DATASET ENTRIES -

====

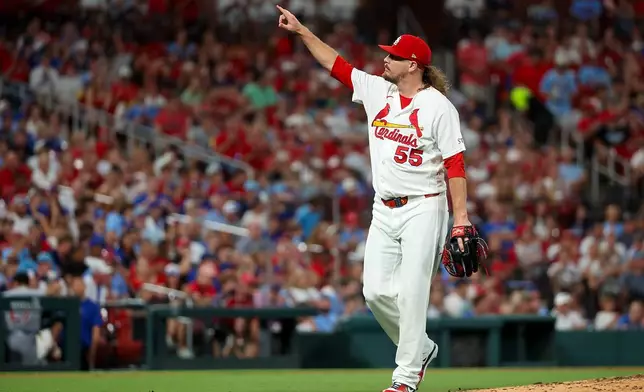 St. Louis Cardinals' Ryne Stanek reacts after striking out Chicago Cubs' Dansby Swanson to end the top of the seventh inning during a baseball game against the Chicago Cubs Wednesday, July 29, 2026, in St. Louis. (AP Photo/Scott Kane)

====

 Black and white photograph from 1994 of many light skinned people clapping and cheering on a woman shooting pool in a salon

====

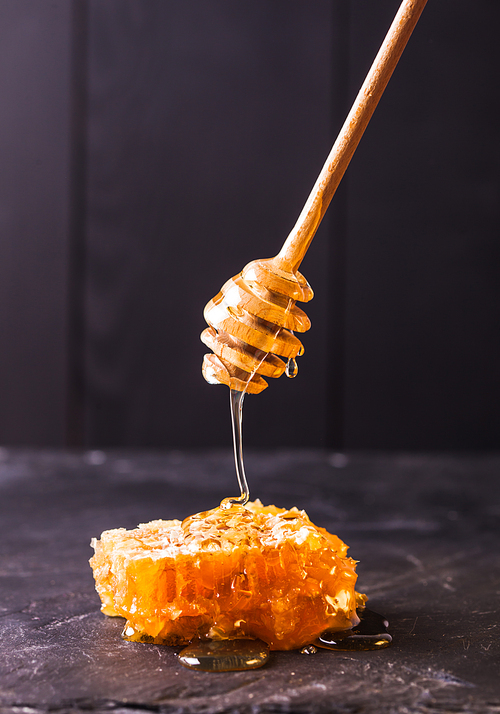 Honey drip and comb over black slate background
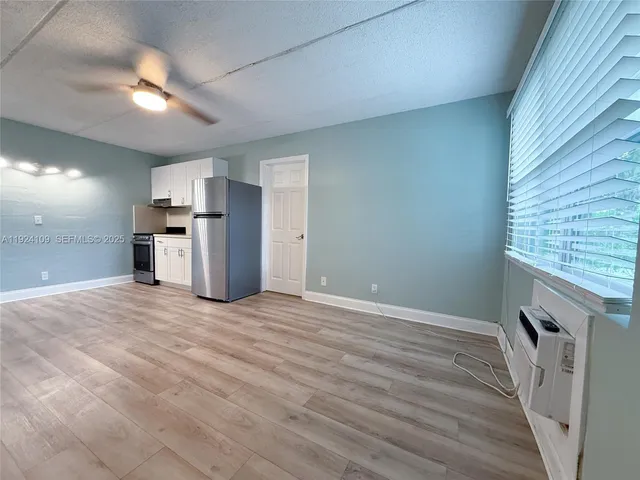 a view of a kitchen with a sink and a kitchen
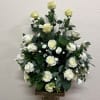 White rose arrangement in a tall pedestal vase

====

WORK TO COMPLETE - Find the line with "a view of a" in the entries above. Set down exactly every line from it up to and including the line with "White rose arrangement", images excluded.

THE COMPLETED TASK -
 a view of a kitchen with a sink and a kitchen
 White rose arrangement in a tall pedestal vase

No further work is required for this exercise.